In direct comparison, an asynchronous network-on-chip design outperforms a leading-edge commercial synchronous chip

Working with colleagues in academia and industry, Steven Nowick and his group have conducted the first direct experimental comparison between an asynchronous network-on-chip (NoC) design and a leading industrial synchronous NoC chip implemented in advanced technology (14 nm FinFET). The synchronous chip was manufactured by Advanced Micro Devices (AMD) and is currently used in several commercial products. Results from the experiments, which were carried out on a single network node on the asynchronous NoC design, show the NoC design performed significantly better when compared to a synchronous chip—55% less area with 28% lower latency—along with a 58% reduction in active power and an 88% reduction in idle power.

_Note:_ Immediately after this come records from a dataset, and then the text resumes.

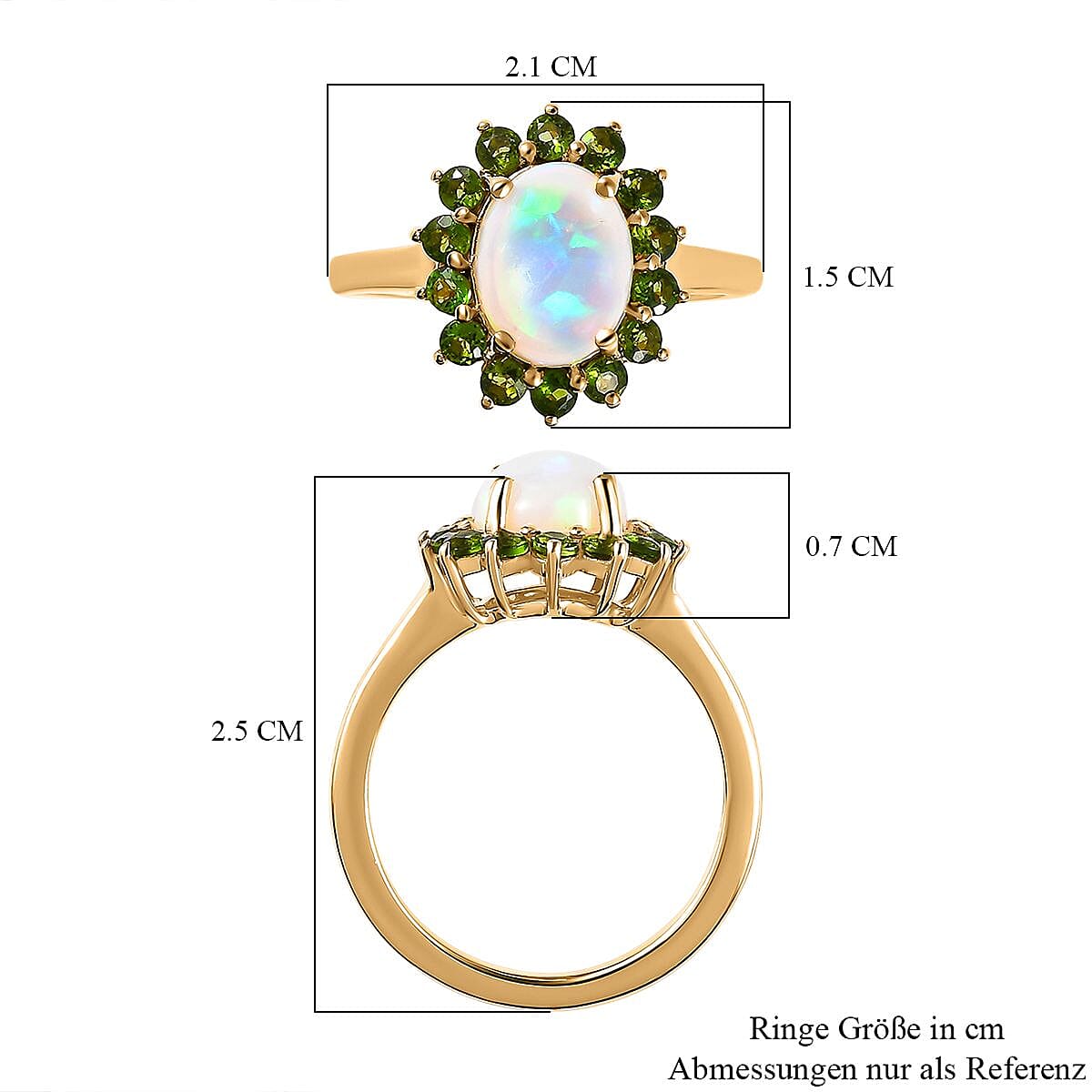 Ethiopian Welo Opal and Chrome Diopside 1.71 ctw Ring in 14K YG Over Sterling Silver (Size 10.0)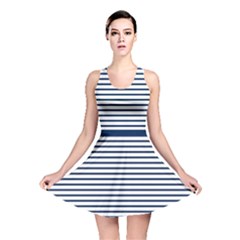 Horizontal Stripes Blue White Line Reversible Skater Dress by Mariart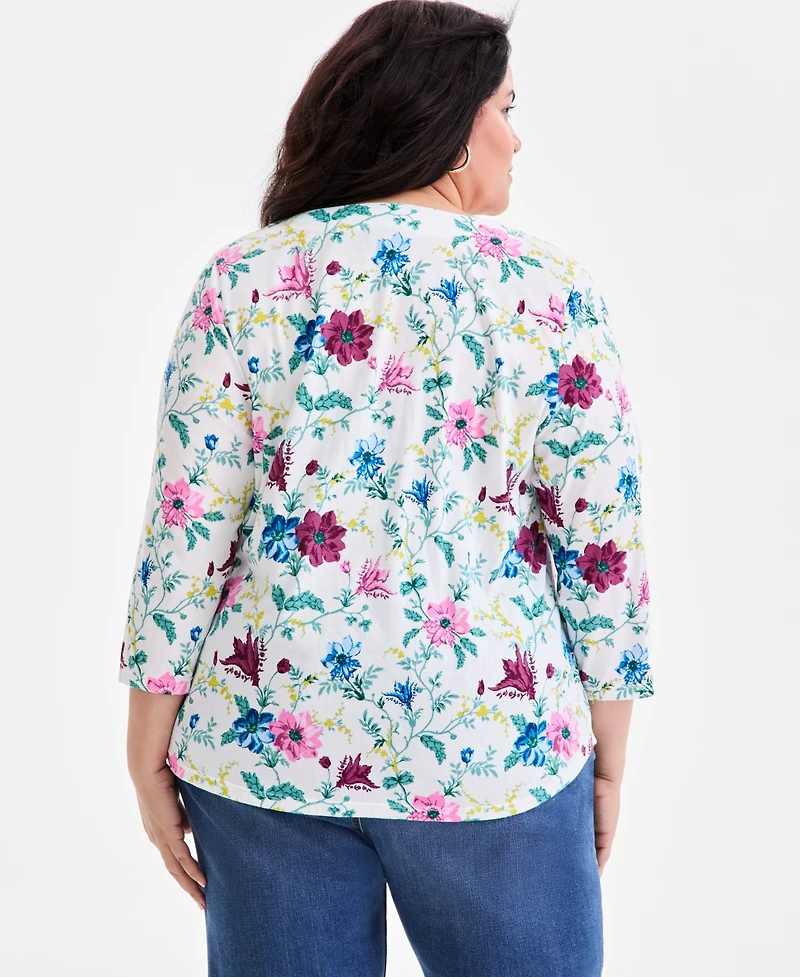 Style & Co Plus Size Printed V-Neck 3/4-Sleeve Top, Macy's Exclusive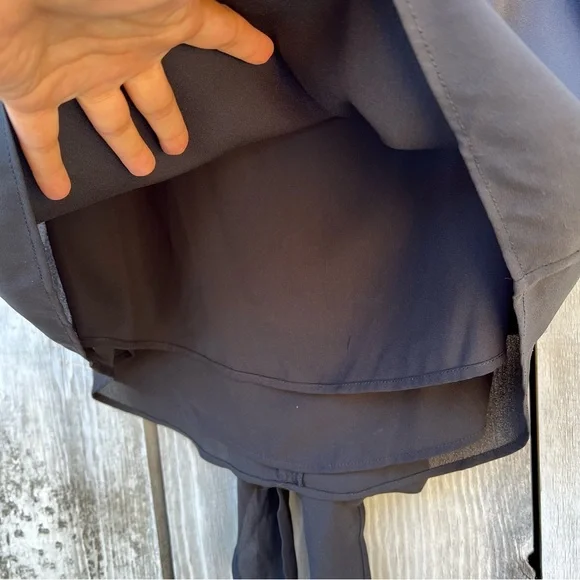 Badgley Mischka black ruffle short sleeve bowtie sash layered lined flowy blouse - Picture 14 of 15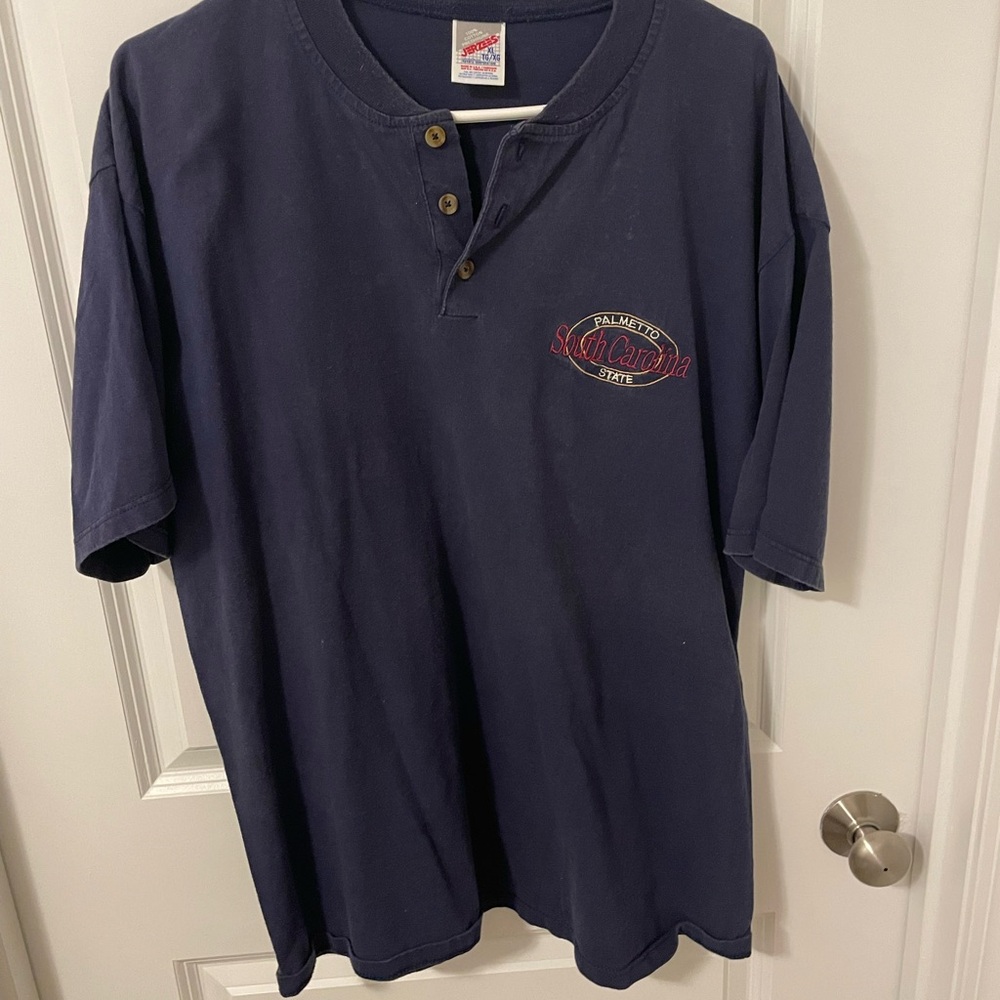 Fruit of the Loom Dark Blue Short Sleeve Henley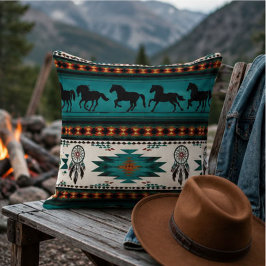 Southwestern Horse and Dreamcatcher Turquoise クッション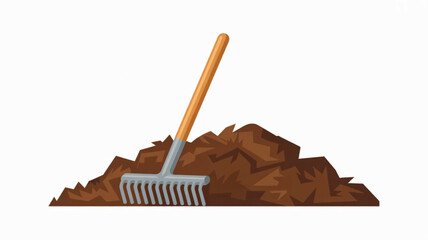 Naklejka premium Metal garden rake standing upright in a large pile of brown mulch or soil for landscaping and outdoor lawn maintenance tasks on white background.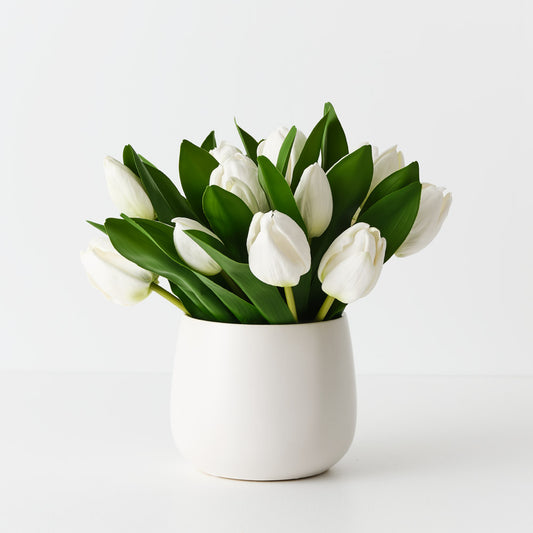 White Real-Touch Tulips in Small Ceramic Vase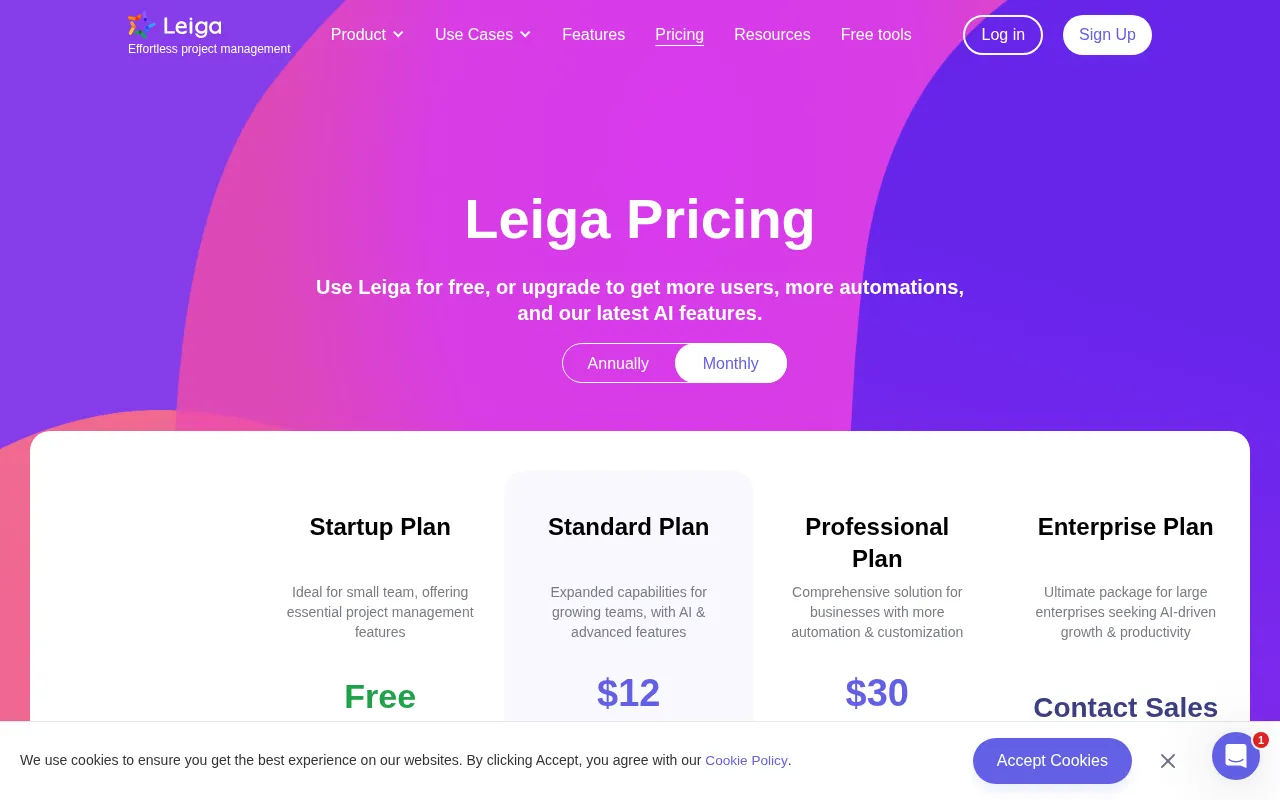 Leiga — pricing page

“While these results were mostly in line with our expectations, they are exciting as validation of our research. In particular, a major achievement was attaining significantly smaller circuit area,” says Nowick, who with his PhD student Weiwei Jiang designed the asynchronous on-chip network along with colleagues at the University of Ferrara in Italy (Professor Davide Bertozzi, PhD student Gabriele Miorandi). “People think of asynchronous chips as often being larger than their synchronous counterparts, but these results show that asynchronous designs can be much smaller than state-of-the-art NoCs in commercial products today. And they can be both faster and more energy-efficient.”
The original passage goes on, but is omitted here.